» Pictures with short captions
== Segment start ==
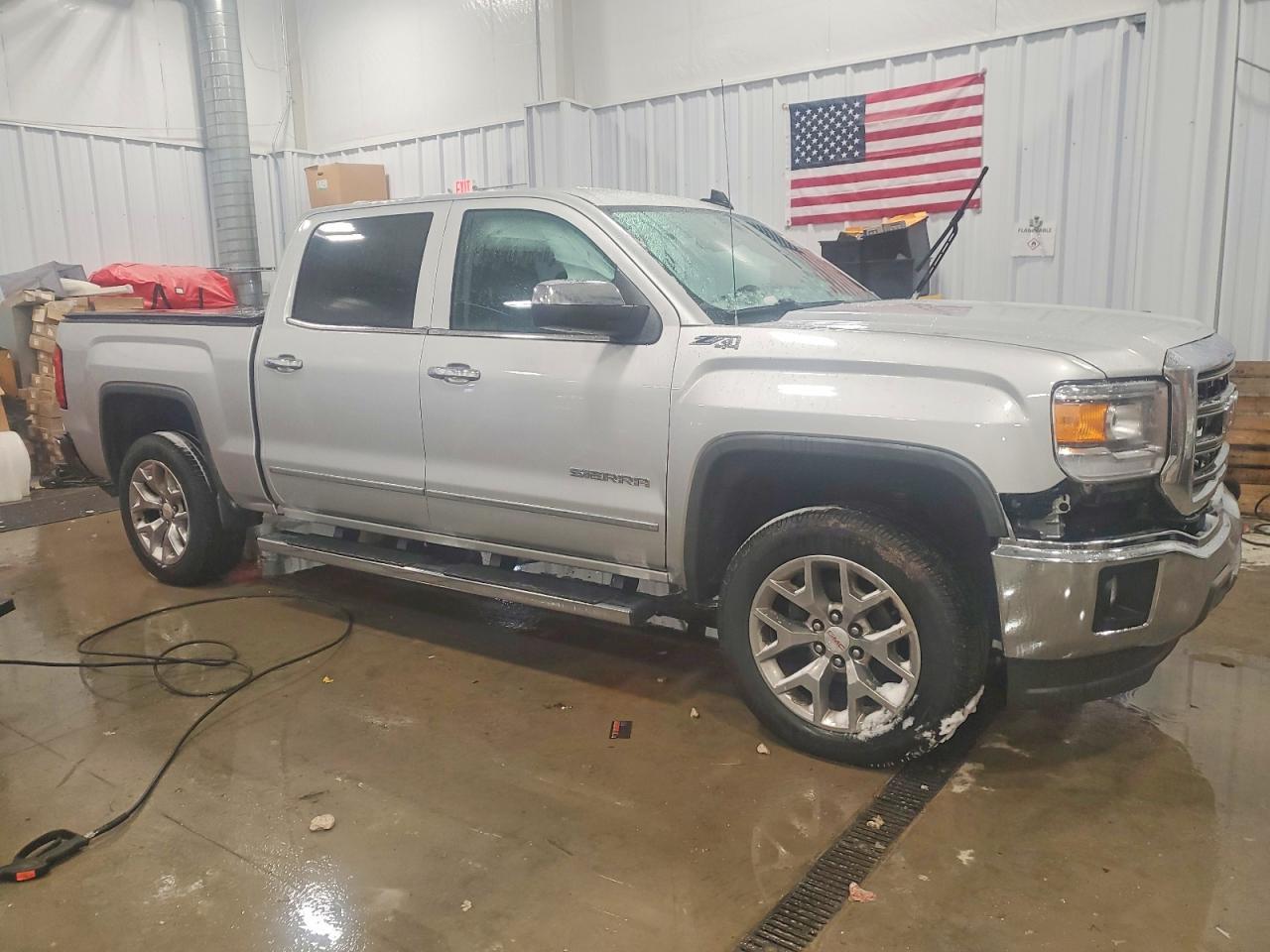 2015 GMC Sierra K1500 Slt - Фото 4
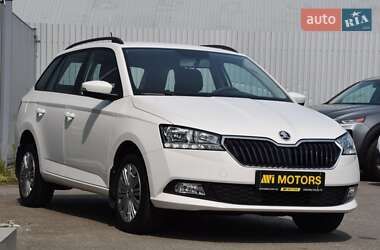 Универсал Skoda Fabia 2021 в 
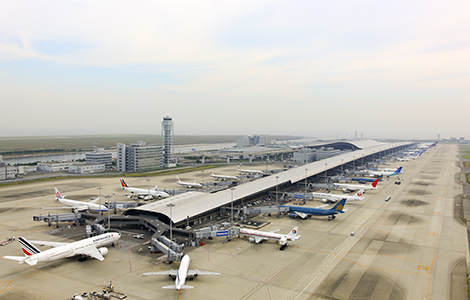 関西国際空港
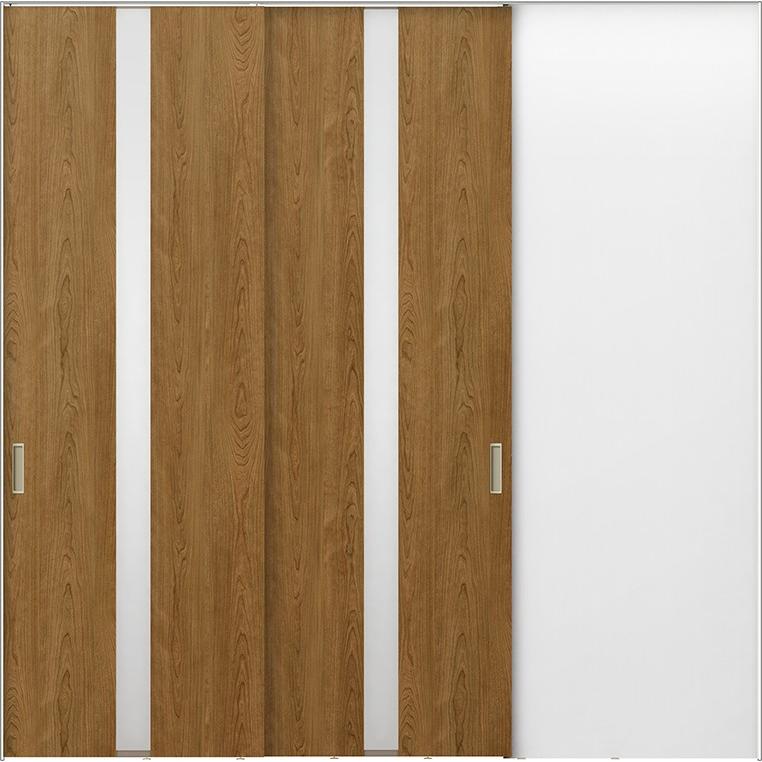 ラフィス Raffis 上吊方式 片引戸 2枚建て ライン枠 Rlud Rgw 鍵なし 2424z W 2 429mm H 2 400mm Lixil リクシル Tostem トステム Raf Rlud Rgw 2424n Clair 通販 Yahoo ショッピング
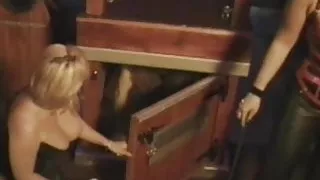 I am going to whip you like a little bitch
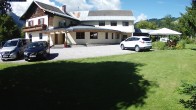 Archiv Foto Webcam Pension Lipicer in Kötschach Mauthen, Kärnten 09:00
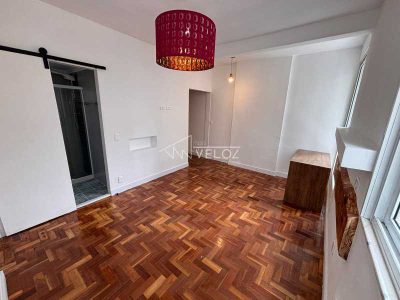 Apartamento, 1 quarto, 33 m² - Foto 1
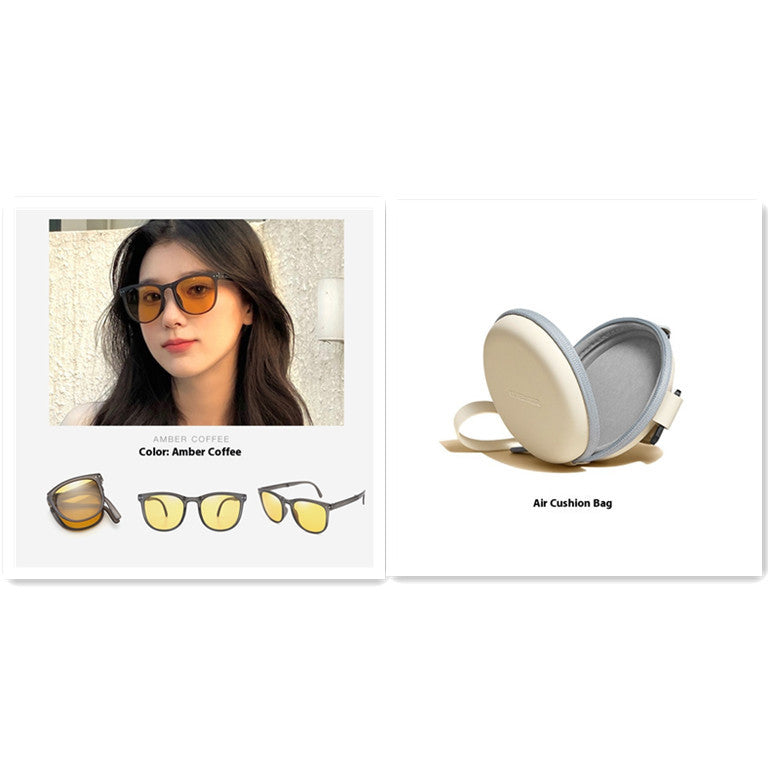 Folding Sunglasses for Women – Light, Chic, and Ready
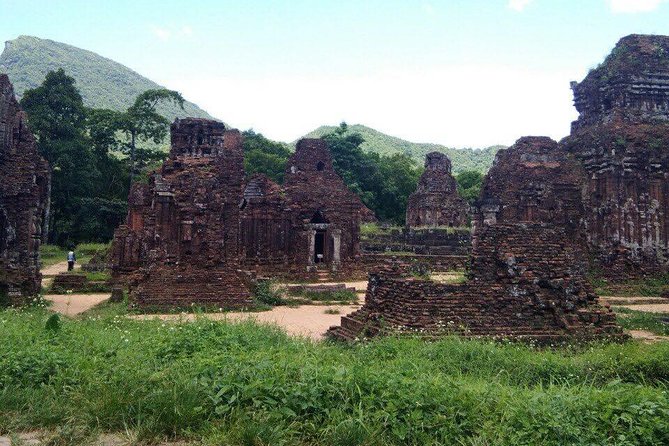 SHORE EXCURSION From Chan May Port to My Son Sanctuary and Hoi an - Booking Details and Pricing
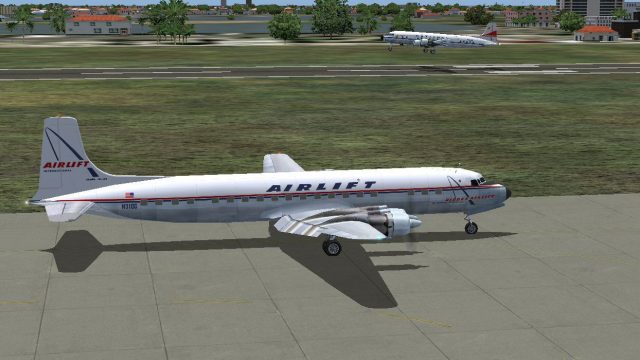 Screenshot 1 — Riddle/Airlift International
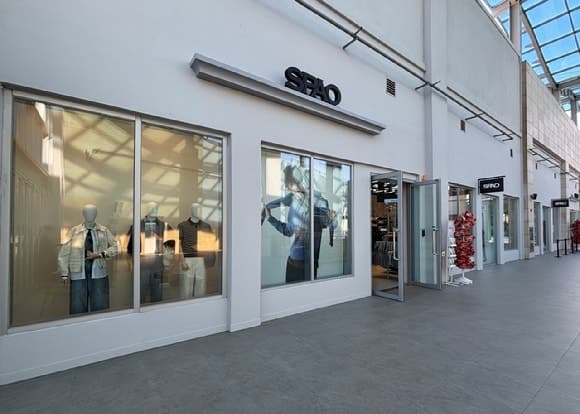 이랜드 스파오, 롯데프리미엄아울렛 김해점에 신규 매장 오픈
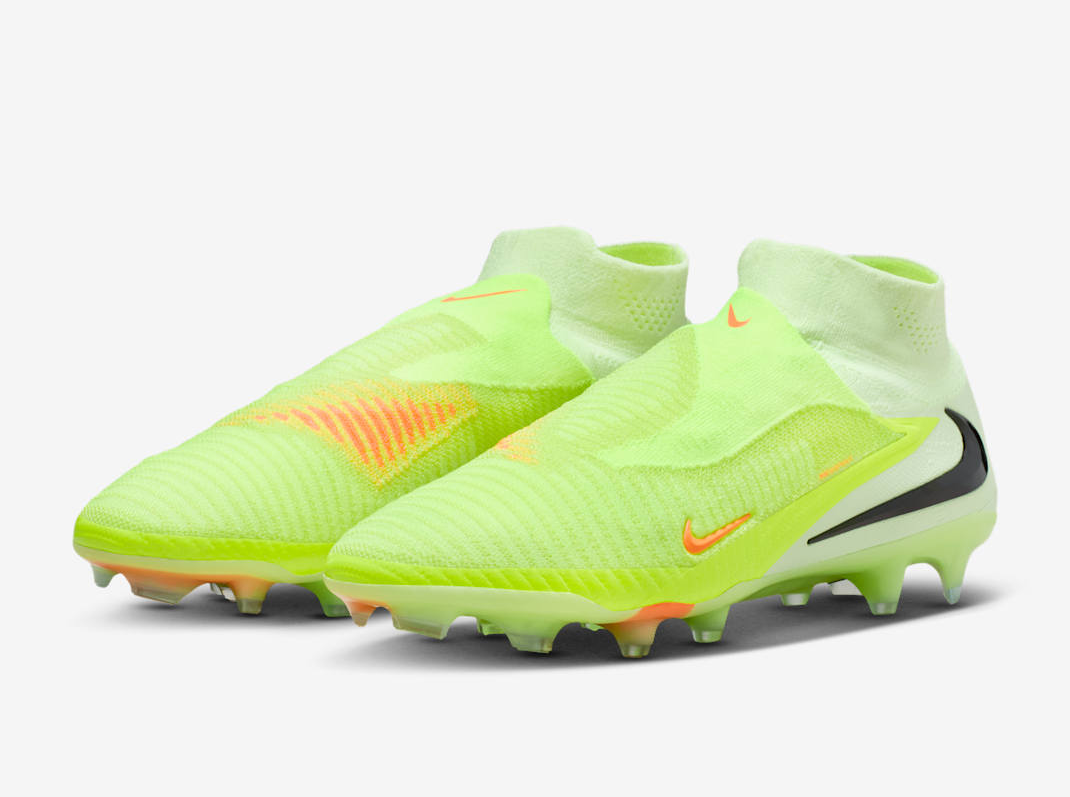 Giày Nike Phantom 6 High Elite FG 'Hyper Crimson' HJ2147-800 - Ảnh 4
== Segment end ==
» TASK INSTRUCTIONS
Leaving out the pictures, please transcribe exactly the lines from the one that holds "이랜드 스파오, 롯데프리미엄아울렛 김해점에 신규 매장 오픈" through the last line of the entries above, both included.

» EXERCISE SOLUTION
 이랜드 스파오, 롯데프리미엄아울렛 김해점에 신규 매장 오픈
 Giày Nike Phantom 6 High Elite FG 'Hyper Crimson' HJ2147-800 - Ảnh 4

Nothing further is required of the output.